Monday, 23 March 2015 / No comments

Orient by Christopher Bollen

Title: Orient
Author: Christopher Bollen
Publisher: Simon & Schuster (Aus)
Published: 1 April 2015
Source: ARC via NetGalley




Blurb:
At the eastern edge of Long Island, far from the hustle of New York City, stands Orient, a village that has been home to a few families for hundreds of years and is now - reluctantly - opening up to wealthy weekenders and artists from the city. 

On the last day of summer, a young man with a hazy past appears, and not long after comes a series of events that shatters the peace in this isolated community. A strange, twisted creature washes ashore on the Sound and then a human corpse is found floating in the water. A woman dies in bizarre circumstances and a house fire erupts out of nowhere. Fear and suspicion mount until everyone's secrets threaten to be exposed. But who is Mills Chevern? What is his real name and why is he here? As all eyes shift towards the orphan drifter, Mills elicits the support of Beth Shepherd, an Orient native who is hiding a secret of her own.

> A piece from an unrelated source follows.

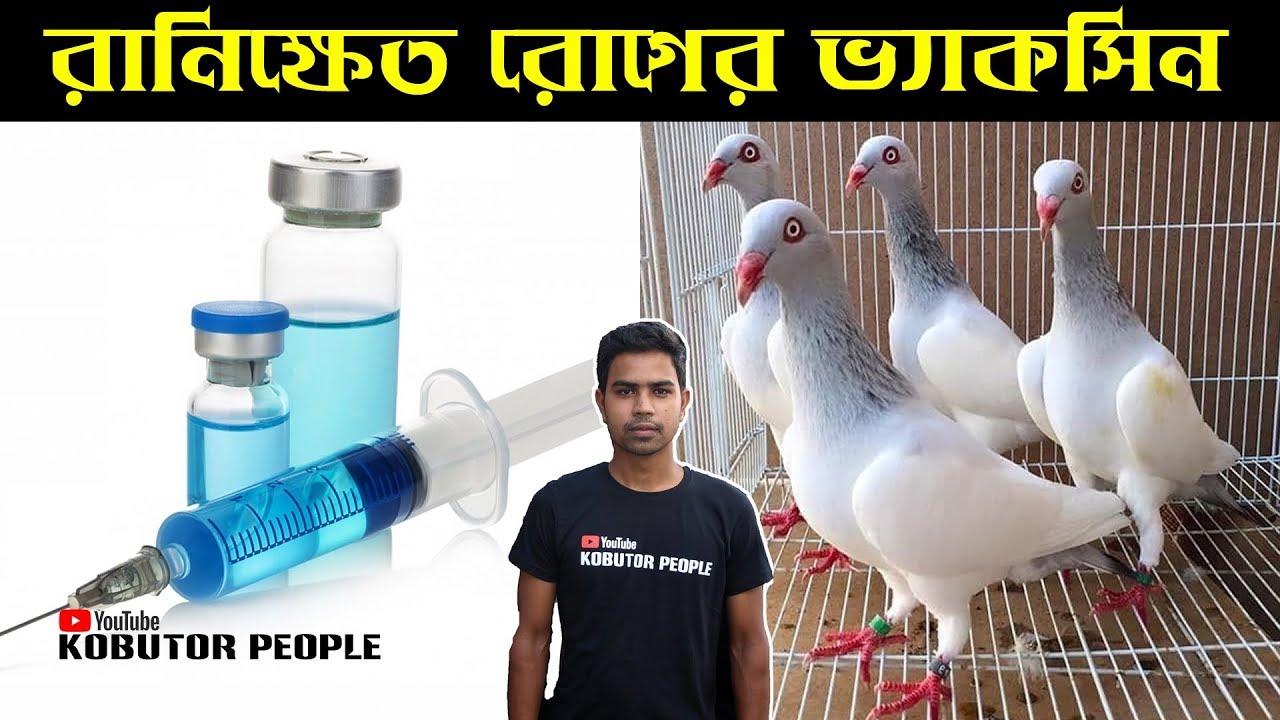কবুতরের রানীক্ষেত রোগের ভ্যাকসিন বা টিকা দেয়ার নিয়ম | Pigeon Vaccine In Bangladesh | Kobutor Palon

When native Long Islander, Paul, comes across Mills in a drug haze in his apartment hallway, he takes pity on him and gives him a home. He enlists Mills' help in a clear out of his parents' old home in the normally sleepy town of Orient. As an outsider, Mills doesn't get a very warm welcome, and when people start dying just after he arrives, he's a natural suspect.

I found Orient a bit of a slow burner at first, it took a while to get into initially, but the tension builds and builds until the final pay off which is definitely worth waiting for. It's not often that I have no idea who the killer is in a murder mystery, but I can honestly say I had no idea this time.

The point of view switches between Mills and Beth, a failed artist who has returned to Orient in the hopes of starting a family with her foreign husband. This allows us insights that Mills, as an outsider, wouldn't have about the community and helps to build the case against particular suspects. Each death is more violent than the last, and I stayed up way later than I should have to find out who was responsible.

Orient is a great thriller that is definitely worth sticking with.